My 50% scholarship at a top 15 school (one of the cheaper ones too) still left me looking at a 40K per year bill with COL. You might be able to get a close to full ride if you are willing to go to a less prestigious school, but most aren't, since law is such a prestige obsessed world. It doesn't make much sense, given that there isn't really any difference in education quality or breadth between the schools. Law firms might as well just look at undergrad LSAT and GPA's, since that's about the extent of the filter "which law school you went to" applies.
It would save everyone a lot of money and cut out the middle man if all employers could just look at SAT scores and LSAT scores along with high school GPA. There would be no more need for academia as we now know it.
If high SAT scores meant that someone had learned the equivalent of a 4-year CS degree, sure, I'd be willing to consider them equivalent when hiring for a technical position.

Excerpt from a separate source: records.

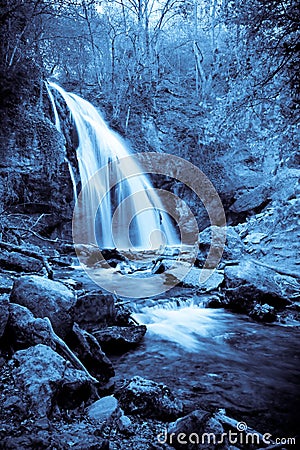 Monochrome photo of a mystical small waterfall Stock Photo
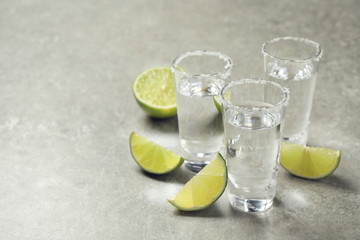 Mexican Tequila shots with salt and lime slices on grey table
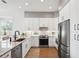 Well-lit kitchen with stainless steel appliances, stone countertops, and a classic subway tile backsplash at 315 64Th St, Holmes Beach, FL 34217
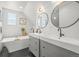 Elegant bathroom with double sinks, round mirrors, and a freestanding soaking tub at 3317 W 37Th Ave, Denver, CO 80211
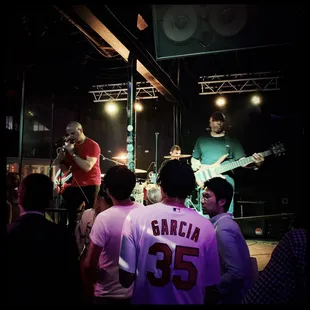 a band performing on stage
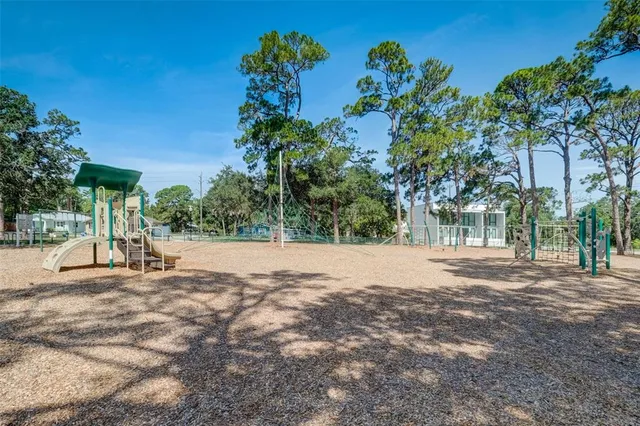 a view of road with a house in the background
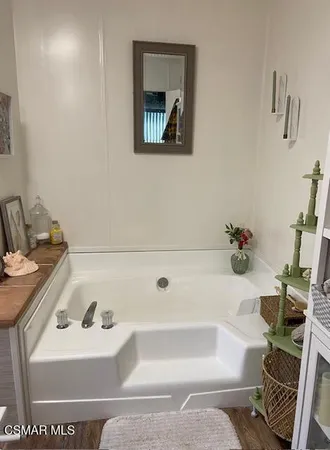 a bathroom with a tub sink and mirror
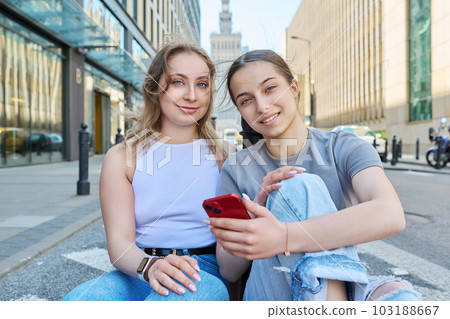 Two smiling female students with smartphone, modern urban style, road, buildings background 103188667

But high SAT scores just mean that you know basic, high-school-level arithmetic and reading comprehension, which is not quite the same thing.
It would be interesting to have some kind of exam showing equivalent knowledge, but I haven't seen attempts in that direction that aren't worse assessments than the degree/GPA. For example, as weird as law-school is, the bar exam is even weirder (deliberately so), and generally a terrible model to follow.
At least in undergraduate programs there is variability in what is taught, the classes you take, the quality and type of instruction. There is almost none of that in law school.
If you don't mind me asking what were your stats? I suspect a 176 LSAT would've netted you a better-than-50% scholarship at the top 15s. Did you have a low GPA?